By Cui Jia and Mao Weihua (China Daily)

Updated: 2015-09-11 07:39:47

With just 1,347 residents, Daliyabuyi is the smallest township in the Xinjiang Uygur autonomous region, and until recently it was also the most remote. Now times are changing, thanks to the introduction of satellite TV and cellphones, report Cui Jia and Mao Weihua in Hotan prefecture.

 Sands of time shifting for desert community

Women make a fire to cook in Daiyabuli township.

Editor's note: This is the first in a series of special reports to mark the 60th anniversary of the founding of the Xinjiang Uygur autonomous region. Over the coming weeks, China Daily will brings its readers in-depth stories about the lives of the people who live in China's "Wild West", outlining their aspirations and concerns, and the changes in the region during the past six decades.

Memet Turson's face split into a huge grin as he stood in front of the house he built next to the sand dunes of the Taklimakan Desert. As a resident of Daliyabuyi, hidden deep in the world's second-largest desert in the Xinjiang Uygur autonomous region, the sight of an outsider is "a luxury", according to the 60-year-old herder.

When visitors see the local houses built from the wood of the desert poplar, the first question they ask is why the locals don't move out of the desert and enjoy a modern lifestyle.

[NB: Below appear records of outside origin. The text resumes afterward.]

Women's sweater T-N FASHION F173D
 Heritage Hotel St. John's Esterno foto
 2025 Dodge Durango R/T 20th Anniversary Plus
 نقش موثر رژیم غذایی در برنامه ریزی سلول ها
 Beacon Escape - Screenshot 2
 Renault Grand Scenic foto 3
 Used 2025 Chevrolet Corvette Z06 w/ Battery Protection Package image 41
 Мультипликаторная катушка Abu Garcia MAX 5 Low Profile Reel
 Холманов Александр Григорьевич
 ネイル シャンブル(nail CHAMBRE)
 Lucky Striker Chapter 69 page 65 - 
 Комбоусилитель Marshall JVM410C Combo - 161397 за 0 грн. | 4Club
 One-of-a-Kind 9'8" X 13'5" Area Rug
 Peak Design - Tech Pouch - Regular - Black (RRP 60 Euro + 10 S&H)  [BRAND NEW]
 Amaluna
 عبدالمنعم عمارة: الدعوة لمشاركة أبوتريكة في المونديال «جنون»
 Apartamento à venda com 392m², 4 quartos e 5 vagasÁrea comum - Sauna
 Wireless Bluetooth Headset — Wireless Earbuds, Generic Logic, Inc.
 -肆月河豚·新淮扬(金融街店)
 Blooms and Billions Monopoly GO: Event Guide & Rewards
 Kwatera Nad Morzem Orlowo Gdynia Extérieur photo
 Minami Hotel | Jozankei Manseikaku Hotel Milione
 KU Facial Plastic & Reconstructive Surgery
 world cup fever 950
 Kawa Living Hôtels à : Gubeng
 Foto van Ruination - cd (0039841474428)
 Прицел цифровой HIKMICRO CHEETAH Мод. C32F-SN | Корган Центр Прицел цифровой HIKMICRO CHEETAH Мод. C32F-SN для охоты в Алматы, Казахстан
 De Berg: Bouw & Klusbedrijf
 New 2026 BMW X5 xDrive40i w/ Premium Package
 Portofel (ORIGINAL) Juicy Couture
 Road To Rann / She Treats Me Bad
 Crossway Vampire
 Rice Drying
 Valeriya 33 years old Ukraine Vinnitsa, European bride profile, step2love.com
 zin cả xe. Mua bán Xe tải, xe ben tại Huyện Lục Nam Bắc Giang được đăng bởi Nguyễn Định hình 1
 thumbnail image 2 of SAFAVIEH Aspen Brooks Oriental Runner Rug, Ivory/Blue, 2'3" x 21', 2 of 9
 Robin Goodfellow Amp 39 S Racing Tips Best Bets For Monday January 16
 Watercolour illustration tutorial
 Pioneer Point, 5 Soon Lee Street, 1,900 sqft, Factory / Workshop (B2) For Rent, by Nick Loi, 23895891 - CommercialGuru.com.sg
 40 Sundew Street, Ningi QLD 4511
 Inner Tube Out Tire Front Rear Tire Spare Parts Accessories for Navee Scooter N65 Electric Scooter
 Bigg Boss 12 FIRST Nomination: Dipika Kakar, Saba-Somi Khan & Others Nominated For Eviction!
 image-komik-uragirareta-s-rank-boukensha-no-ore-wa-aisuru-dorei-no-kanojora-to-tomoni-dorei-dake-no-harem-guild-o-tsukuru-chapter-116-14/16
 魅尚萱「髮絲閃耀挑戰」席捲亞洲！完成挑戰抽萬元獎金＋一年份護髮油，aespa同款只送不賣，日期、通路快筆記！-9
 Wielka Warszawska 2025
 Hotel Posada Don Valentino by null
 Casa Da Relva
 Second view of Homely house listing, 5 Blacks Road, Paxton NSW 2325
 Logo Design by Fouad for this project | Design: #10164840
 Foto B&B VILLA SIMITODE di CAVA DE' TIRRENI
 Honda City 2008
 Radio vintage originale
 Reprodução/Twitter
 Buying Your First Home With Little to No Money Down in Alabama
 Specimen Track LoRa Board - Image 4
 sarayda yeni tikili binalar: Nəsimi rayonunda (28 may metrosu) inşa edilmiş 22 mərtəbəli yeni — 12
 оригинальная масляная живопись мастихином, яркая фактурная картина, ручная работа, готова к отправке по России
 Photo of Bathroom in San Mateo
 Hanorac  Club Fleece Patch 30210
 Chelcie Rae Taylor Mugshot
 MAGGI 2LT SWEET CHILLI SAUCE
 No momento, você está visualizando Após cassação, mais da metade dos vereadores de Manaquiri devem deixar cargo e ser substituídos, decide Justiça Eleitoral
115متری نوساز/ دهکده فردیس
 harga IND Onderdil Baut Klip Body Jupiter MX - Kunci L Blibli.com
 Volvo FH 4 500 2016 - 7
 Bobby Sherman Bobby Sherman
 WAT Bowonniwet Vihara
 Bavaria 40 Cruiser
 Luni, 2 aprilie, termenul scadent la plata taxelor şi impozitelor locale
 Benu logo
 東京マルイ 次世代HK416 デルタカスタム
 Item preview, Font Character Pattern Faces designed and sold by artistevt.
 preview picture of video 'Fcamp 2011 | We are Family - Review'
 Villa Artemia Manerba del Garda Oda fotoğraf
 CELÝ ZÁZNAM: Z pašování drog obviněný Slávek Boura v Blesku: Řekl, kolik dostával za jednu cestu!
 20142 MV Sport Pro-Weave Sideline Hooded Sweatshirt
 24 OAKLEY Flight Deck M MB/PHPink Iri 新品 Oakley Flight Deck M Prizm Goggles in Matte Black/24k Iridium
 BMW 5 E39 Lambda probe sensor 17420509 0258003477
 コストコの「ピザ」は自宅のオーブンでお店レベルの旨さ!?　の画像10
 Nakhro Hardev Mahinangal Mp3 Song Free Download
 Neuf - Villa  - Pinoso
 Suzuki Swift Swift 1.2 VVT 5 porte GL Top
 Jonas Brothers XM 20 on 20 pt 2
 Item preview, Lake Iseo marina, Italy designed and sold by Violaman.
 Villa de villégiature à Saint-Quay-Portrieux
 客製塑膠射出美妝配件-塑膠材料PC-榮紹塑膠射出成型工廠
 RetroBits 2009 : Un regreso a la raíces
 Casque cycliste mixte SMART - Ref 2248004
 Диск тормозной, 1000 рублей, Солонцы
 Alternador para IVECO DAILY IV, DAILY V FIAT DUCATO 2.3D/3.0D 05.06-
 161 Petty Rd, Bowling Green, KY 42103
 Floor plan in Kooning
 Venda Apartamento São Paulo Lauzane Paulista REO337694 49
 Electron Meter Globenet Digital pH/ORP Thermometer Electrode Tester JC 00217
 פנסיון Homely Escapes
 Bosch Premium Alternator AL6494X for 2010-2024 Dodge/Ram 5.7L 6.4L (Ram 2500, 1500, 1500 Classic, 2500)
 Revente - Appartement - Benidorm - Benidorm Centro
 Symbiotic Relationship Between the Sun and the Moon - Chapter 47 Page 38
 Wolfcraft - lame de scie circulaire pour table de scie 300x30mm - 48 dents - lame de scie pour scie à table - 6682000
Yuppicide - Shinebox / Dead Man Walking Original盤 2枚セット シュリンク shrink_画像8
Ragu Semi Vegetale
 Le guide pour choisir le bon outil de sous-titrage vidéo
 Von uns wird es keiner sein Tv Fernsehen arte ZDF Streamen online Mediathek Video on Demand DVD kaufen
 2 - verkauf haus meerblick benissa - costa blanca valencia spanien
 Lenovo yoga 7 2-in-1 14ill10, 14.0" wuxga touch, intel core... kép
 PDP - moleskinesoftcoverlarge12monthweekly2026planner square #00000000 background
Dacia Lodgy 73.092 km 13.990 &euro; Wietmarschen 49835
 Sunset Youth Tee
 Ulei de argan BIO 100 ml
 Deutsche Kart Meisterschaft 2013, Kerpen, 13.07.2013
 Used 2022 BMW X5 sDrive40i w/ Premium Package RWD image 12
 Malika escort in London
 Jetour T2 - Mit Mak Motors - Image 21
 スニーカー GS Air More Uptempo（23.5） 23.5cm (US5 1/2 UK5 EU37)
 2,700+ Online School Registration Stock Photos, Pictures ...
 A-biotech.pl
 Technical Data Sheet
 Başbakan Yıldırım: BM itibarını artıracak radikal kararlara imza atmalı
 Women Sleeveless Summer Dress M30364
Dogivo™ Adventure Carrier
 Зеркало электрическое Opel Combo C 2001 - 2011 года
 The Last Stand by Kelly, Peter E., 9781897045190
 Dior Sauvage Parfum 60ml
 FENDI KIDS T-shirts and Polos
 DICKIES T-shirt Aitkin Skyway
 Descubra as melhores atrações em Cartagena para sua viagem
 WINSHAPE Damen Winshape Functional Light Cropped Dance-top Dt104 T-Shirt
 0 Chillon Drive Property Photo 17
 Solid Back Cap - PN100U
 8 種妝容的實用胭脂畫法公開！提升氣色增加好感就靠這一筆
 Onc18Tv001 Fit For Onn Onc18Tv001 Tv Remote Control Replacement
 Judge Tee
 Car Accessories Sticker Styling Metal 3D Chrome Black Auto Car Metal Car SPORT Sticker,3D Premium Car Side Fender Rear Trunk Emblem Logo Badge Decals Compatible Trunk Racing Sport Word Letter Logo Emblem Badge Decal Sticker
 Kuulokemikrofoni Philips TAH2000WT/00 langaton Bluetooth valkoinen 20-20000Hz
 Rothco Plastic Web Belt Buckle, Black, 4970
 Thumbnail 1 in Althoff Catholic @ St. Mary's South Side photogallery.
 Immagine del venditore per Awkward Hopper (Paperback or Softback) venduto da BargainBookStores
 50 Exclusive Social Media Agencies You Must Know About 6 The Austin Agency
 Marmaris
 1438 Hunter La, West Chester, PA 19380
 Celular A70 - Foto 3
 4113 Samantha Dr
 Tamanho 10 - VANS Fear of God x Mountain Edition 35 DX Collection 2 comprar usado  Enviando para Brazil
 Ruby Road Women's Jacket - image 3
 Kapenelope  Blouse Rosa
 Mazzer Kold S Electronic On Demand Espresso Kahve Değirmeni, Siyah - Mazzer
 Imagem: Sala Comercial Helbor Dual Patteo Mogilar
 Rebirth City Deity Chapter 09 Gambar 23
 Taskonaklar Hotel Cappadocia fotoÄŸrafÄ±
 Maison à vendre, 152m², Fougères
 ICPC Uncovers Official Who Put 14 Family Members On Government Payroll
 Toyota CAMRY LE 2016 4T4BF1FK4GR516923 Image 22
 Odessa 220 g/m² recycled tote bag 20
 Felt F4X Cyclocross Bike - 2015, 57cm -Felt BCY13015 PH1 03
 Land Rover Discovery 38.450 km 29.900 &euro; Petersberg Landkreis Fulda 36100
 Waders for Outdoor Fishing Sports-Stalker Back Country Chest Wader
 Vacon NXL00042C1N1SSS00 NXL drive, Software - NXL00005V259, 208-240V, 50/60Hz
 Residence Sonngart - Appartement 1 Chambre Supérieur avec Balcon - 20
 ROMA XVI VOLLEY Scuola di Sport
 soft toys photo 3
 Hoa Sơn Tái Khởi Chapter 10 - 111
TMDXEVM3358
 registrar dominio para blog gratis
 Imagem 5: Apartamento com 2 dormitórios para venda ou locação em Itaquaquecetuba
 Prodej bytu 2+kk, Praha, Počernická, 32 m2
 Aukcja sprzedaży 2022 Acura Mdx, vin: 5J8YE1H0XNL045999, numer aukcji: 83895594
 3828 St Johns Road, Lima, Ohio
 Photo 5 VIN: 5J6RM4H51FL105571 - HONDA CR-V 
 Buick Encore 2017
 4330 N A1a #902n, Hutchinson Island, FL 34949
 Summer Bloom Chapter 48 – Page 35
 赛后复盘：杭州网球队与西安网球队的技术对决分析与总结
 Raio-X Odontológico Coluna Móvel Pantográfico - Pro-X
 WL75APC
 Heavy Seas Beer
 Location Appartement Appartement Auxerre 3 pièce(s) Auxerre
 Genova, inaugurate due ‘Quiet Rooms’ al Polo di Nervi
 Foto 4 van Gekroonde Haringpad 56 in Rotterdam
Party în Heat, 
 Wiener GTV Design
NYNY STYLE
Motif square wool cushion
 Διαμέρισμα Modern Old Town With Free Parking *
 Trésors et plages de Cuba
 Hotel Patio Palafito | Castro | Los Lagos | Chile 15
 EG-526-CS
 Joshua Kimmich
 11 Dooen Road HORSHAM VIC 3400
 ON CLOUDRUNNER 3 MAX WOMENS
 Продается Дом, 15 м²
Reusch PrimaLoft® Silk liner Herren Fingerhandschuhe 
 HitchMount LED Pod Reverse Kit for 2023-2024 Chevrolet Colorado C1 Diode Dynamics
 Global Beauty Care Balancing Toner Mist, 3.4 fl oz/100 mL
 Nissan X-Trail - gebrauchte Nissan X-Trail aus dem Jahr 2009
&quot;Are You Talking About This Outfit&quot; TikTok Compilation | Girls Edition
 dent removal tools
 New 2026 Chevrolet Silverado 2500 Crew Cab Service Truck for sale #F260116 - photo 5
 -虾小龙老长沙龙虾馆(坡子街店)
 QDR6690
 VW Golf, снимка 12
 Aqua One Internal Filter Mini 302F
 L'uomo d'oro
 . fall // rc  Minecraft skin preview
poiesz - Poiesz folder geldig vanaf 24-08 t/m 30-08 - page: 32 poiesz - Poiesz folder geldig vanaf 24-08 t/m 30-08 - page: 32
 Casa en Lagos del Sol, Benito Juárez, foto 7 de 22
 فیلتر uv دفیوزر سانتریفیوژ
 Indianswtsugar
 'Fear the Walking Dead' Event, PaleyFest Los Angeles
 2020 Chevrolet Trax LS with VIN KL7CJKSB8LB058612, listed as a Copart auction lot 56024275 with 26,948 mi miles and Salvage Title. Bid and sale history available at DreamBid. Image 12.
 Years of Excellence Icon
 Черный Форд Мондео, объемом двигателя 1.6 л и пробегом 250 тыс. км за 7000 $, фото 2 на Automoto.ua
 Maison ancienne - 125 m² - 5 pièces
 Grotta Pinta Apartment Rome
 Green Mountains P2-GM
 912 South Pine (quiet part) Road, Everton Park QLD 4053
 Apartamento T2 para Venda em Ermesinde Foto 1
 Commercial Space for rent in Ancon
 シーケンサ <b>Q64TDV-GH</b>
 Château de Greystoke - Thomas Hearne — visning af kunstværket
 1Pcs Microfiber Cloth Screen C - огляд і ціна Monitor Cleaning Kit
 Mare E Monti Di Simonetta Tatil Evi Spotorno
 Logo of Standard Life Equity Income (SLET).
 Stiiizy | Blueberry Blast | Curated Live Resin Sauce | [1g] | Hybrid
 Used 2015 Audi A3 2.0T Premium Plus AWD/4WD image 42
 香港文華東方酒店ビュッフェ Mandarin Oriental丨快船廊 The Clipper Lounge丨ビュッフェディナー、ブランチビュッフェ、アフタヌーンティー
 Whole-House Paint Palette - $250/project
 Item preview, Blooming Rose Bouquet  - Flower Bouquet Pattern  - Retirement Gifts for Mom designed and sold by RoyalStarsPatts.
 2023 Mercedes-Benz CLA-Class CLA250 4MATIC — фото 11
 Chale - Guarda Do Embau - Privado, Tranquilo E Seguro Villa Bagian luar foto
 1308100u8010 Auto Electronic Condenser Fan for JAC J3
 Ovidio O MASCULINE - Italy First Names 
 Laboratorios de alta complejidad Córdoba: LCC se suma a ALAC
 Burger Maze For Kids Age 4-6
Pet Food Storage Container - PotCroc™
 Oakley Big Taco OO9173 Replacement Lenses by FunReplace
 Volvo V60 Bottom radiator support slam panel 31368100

"What we don't understand is why people measure everything by material worth nowadays. Why can't they see that we are happy in our own less-disturbed world?" Memet asked. "A good life is not about money, but about if one really enjoys it. Daliyabuyi is our heaven."

About 400 years ago, 20 Uygur families who were threatened by war left their land in what is now Yutian county in the southern prefecture of Hotan. They followed the Keriya River, which is fed by meltwater from the snow-covered Kunlun Mountains and gradually evaporates in the Taklimakan, a vast, expanse the locals call the "ocean of death".

Fifteen families settled on the river's west bank, while the others stayed on the east. Together, the families named their new home Daliyabuyi, which means "live along the river" in the Uygur language. They started from scratch, finding it difficult to adjust to desert life and exchange farming for herding sheep among the reed bushes.

An historical footnote

They called themselves the Keriya people, and they lived a self-sufficient life in the Taklimakan, using the wood of the desert poplar trees that grow along the riverbank to build houses. They burned rose willows for fuel and heating, and learned to use the hot sands to cook their food.

Eventually, they became cut off from the outside world and became a footnote in history until 1986, when a team exploring for oil reported seeing a "wild man" in the desert and submitted a report to the central government in Beijing.

"They said they had seen saw a man covered in fur and with a tail. It turned out to be a member of the Keriya people wearing his fur coat inside out and carrying an ax on his belt with the handle sticking out at the rear," said Azez Musar, commissioner of Hotan prefecture, who last year visited Daliyabuyi for the first time.

Having been alerted to the presence of the Keriya people, government officials traveled to Daliyabuyi to assess their needs. The residents said they wanted the status of the village to be raised, and in 1989, Daliyabuyi officially became the least-populated township in Xinjiang, Azez said.

The small, lost tribe has grown to 347 households and 1,347 residents. The people, scattered along the river, still use the old survival skills, especially for house construction and cooking, but the old ways are changing significantly even in the remotest parts of Xinjiang.